The expression pattern of PCCB in the identified cells in the tumor microenvironment of osteosarcoma is shown in Figures S5A-S5C , in which PCCB was highly expressed by osteosarcoma cells. GO enrichment analysis revealed that DNA replication, sterol biosynthetic process, and cholesterol biosynthetic process were highly enriched in osteosarcoma patients with high expression of PCCB. In contrast, T cell activation, B cell activation, and lymphocyte proliferation were highly enriched in osteosarcoma patients with low expression of PCCB ( Figure S5D ). KEGG enrichment analysis revealed that cell cycle, carbon metabolism, and biosynthesis of amino acids were highly enriched in osteosarcoma patients with high expression of PCCB. In contrast, Th1 and Th2 cell differentiation, T cell receptor signaling pathway, and B cell receptor signaling pathway were highly enriched in osteosarcoma patients with low expression of PCCB ( Figure S5E ). As the most hazardous gene based on the stepwise multivariate Cox regression analysis, the biological function of PCCB in osteosarcoma was explored. RT-qPCR ( Figure 7A ) and western blot ( Figure 7B ) results showed that the expression of PCCB was significantly inhibited in three si-PCCB groups compared to NC and si-NC groups in U2OS and MNNG/HOS cells. The si-PCCB, with the most vital ability to suppress the expression of PCCB, was used for the follow-up experiment. EdU assay revealed that the proliferation ability of U2OS ( Figure 7D ) and MNNG/HOS ( Figure 7C ) cells was significantly inhibited after transfection with si-PCCB. The IHC results further confirmed that the expression of PCCB was considerably higher in osteosarcoma tumor tissues than in normal tissues ( Figure 8 ).

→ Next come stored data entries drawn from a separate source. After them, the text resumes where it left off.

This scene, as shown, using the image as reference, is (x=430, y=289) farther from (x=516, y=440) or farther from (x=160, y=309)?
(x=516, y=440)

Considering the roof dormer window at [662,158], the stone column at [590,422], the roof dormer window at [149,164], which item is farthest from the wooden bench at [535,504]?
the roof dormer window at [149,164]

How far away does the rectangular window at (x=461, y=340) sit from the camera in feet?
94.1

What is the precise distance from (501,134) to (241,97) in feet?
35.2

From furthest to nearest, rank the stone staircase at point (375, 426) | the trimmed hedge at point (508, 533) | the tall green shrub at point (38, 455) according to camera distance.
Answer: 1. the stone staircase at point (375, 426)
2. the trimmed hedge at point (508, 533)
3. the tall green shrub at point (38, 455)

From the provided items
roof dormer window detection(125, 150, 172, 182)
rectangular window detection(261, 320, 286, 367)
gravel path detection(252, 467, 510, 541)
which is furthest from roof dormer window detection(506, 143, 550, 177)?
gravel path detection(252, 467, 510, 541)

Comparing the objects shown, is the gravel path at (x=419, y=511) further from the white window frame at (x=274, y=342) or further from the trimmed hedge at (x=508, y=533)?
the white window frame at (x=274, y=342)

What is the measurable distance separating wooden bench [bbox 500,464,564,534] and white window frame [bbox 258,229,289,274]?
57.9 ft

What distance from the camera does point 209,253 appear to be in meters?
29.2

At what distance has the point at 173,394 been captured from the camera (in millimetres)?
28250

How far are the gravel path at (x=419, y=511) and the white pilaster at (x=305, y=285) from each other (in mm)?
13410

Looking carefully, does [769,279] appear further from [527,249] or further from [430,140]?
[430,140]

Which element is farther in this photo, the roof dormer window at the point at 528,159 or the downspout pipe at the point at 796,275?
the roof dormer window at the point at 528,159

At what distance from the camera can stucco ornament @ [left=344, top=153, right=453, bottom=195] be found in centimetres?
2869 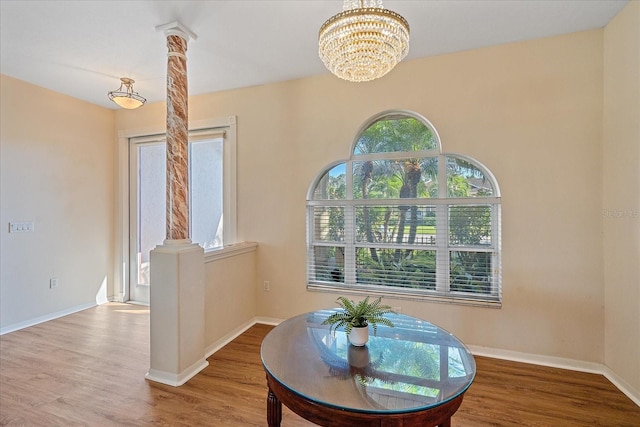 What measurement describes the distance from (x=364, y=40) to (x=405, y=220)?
1.98m

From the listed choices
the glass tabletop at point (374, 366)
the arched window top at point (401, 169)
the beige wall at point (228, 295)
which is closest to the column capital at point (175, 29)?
the arched window top at point (401, 169)

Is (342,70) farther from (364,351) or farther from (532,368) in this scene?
(532,368)

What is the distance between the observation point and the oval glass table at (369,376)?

The expression of PCCB in responders and non-responders in immunotherapy cohorts is shown in Figure 9A , in which non-responders had higher expression of PCCB in the Dizier cohort 2013 and Riaz cohort 2018 while responders had higher expression of PCCB in the Hugo cohort 2016 and IMvigor210 cohort 2018. Survival analysis was performed on the two groups regarding PCCB expression in immunotherapy cohorts ( Figure 9B ). PCCB was associated with better survival in the Hugo cohort 2016 and IMvigor210 cohort 2018, while PCCB was associated with worse survival in the Cho cohort 2020 and Kim cohort 2019. PCCB showed potent efficacy in predicting immunotherapy response in ten immunotherapy cohorts ( Figure 9C ).